The Believers Share Their Possessions
Now the whole group of those who believed were of one heart and soul, and no one claimed private ownership of any possessions, but everything they owned was held in common. With great power the apostles gave their testimony to the resurrection of the Lord Jesus, and great grace was upon them all. There was not a needy person among them, for as many as owned lands or houses sold them and brought the proceeds of what was sold. They laid it at the apostles’ feet, and it was distributed to each as any had need. There was a Levite, a native of Cyprus, Joseph, to whom the apostles gave the name Barnabas (which means “son of encouragement”). He sold a field that belonged to him, then brought the money, and laid it at the apostles’ feet.
The great mantra of the 21st century appears to be “fairness”. There can be no other formula for decision making, no other way to arbitrate dispute, no other way to determine whom should receive what. The underlying assumption in this fetish of fairness is that we are all equal in opportunity and therefore to the victor goes the spoils. A fancier way of speaking of this kind of thinking is a meritocracy, where people get ahead, are rewarded and receive their due based on their achievement. Again this kind of analysis only makes sense if you believe all of those who are active in this life have equal access to the tools of achievement.
And there is another assumption to be exposed in this mantra of fairness, the absence of a conversation around need. Again, the only way a theory of giving to each on the basis of their opportunity and effort makes sense is if you discount the need of the recipient. If one person needs more than another should that need be a part of the consideration of how resources are distributed? If you ignore need it is much easier to rationalize giving to those who make the best effort.
And then there is the most basic brand of fairness, just taking what resources are accumulated and dividing it by the number of people in the community. The two most popular types of fairness are these; giving out resources on the basis of effort or on the basis of dividing up the bounty and dividing it equally among all those who are present. In our culture these types of fairness are what 99% of people who define as fair.
But the Book of Acts has another definition of fairness, “They laid it at the apostles’ feet, and it was distributed to each as any had need.” What if our distribution of resources, of assignments, of any kind of capital (social, material or political) was based on what someone needed?
I recall a conversation between two parents and their three adult children. The baby boomer parents had witnessed terrible feuds among their siblings, and heartbreak and hurt between their parents and their siblings, on the basis of who got what in a will. So in this mantra of fairness these parents told their adult children that all of the assets would be divided up equally, to the cent, about the three children. The parents assumed the response would be relief, joy and even gratitude. Instead the adult children looked embarrassed. Later when he was along with his parents the eldest child told his mother and father, “I appreciate the gesture but I am doing just fine, it is our youngest sibling who is struggling, why not give the lion’s share of your assets to him?” The parents looked shocked, even hurt. “But that wouldn’t be fair” responded the mother. The father nodded. The father added, “You all had equal opportunities to succeed and just because you and your middle brother worked harder shouldn’t leave you penalized with less. It’s only fair.” The middle brother said the same thing to his parents as the oldest son but neither could shake the resolve of the parents. Fairness was the mantra, the rational, not need.
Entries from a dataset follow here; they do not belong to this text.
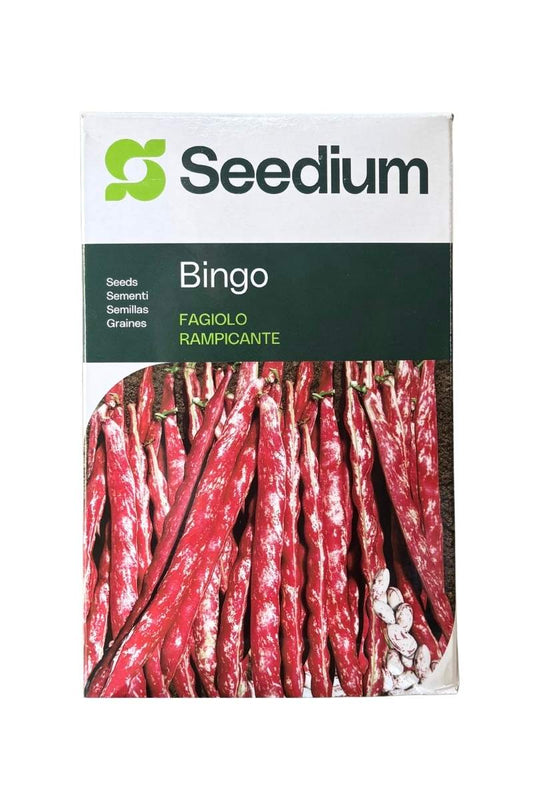 Semi Fagiolo Borlotto Bingo rampicante 1 kg - Seedium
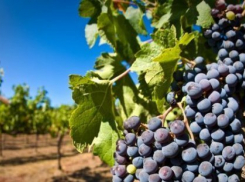  На Кубани засадили 2000 га новыми саженцами виноградника 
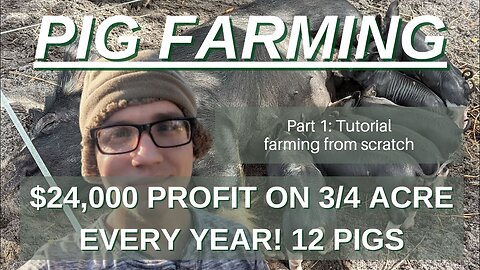 Making $27k a Year from $3500 and Under a Acre Farming Pigs Profit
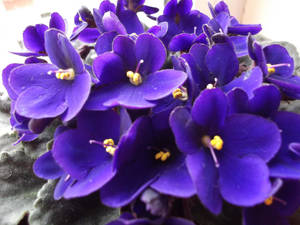 Blooming Big Purple Pansies Wallpaper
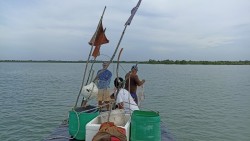 WALHI Riau Tagih Janji Gubernur Riau Cabut IUP PT Logomas Utama!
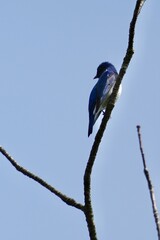 Canvas Print - blue and white flycatcher in a forest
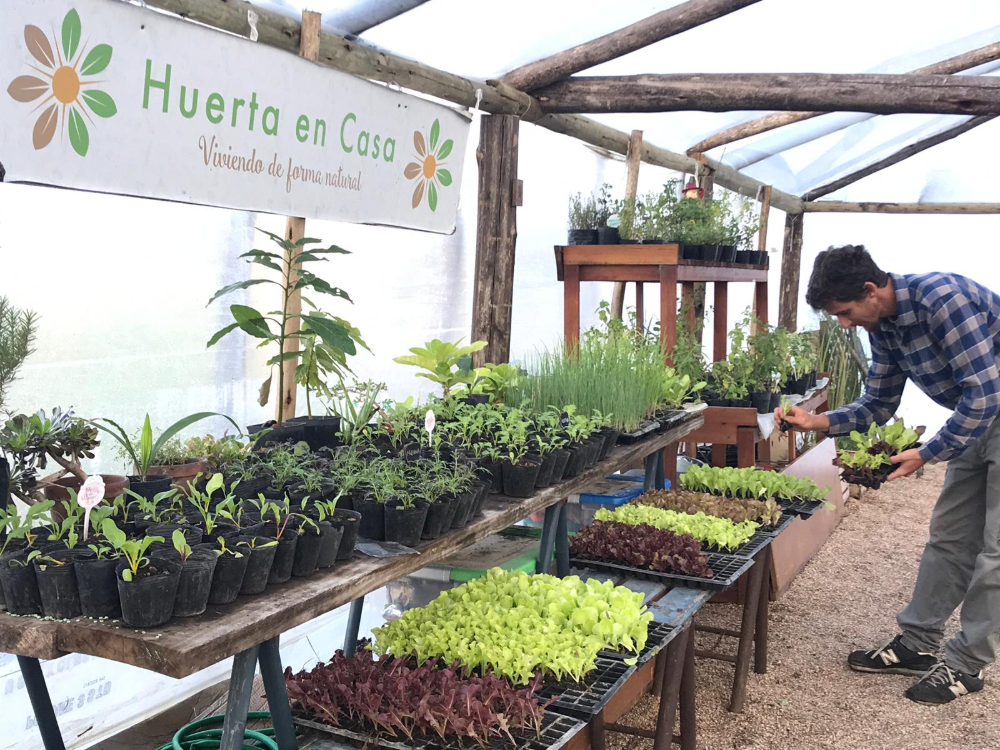 Proyecto Huerta en Casa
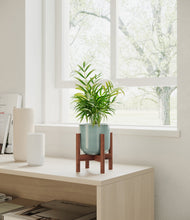 Load image into Gallery viewer, Reactive Aqua stand:walnut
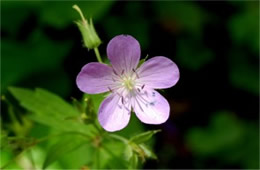 Purple Wildflower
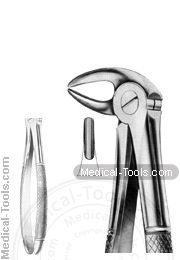 English Extracting Forceps Hertz
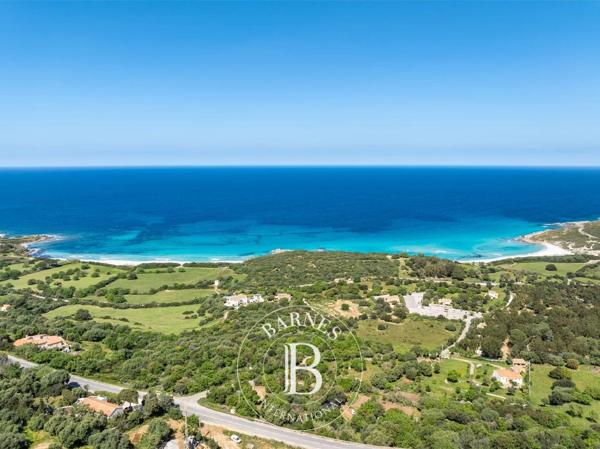 L'Île-Rousse, Terrain  1 980 m² à vendre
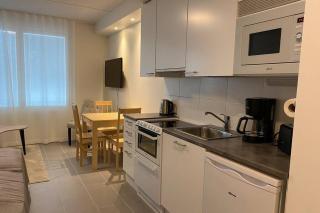 Arctic Star Levi - Lumitähti - 5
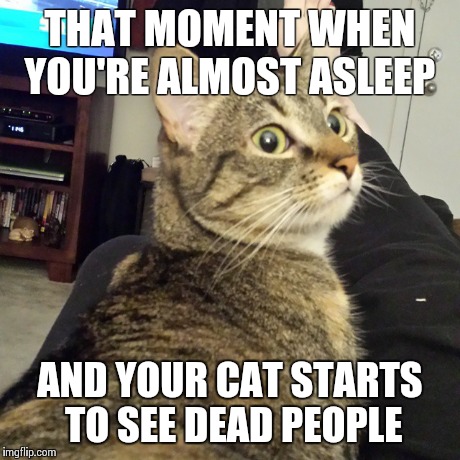 Cat medium | THAT MOMENT WHEN YOU'RE ALMOST ASLEEP AND YOUR CAT STARTS TO SEE DEAD PEOPLE | image tagged in cats | made w/ Imgflip meme maker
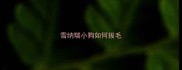 雪纳瑞小狗如何拔毛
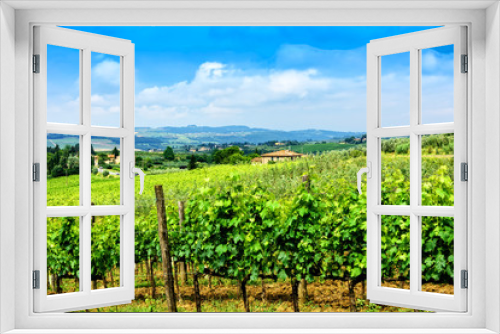 Fototapeta Naklejka Na Ścianę Okno 3D - Vineyard in Tuscany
In the end any theory is evaluated on its outcome and in this case the outcome would add resources to those who didn’t need them and provide the one most in need with less than he could use. In a case where one of the recipients was wasteful or living in world of addiction one could argue the youngest son might receive more than his brothers but someone else would manage those funds, the youngest son would have to make a case to release the funds. But this strategy would still provide resources to the one most in need.
What is your definition of fairness and how do you determine who should receive what when the resources of the community are pooled together. It’s worth considering.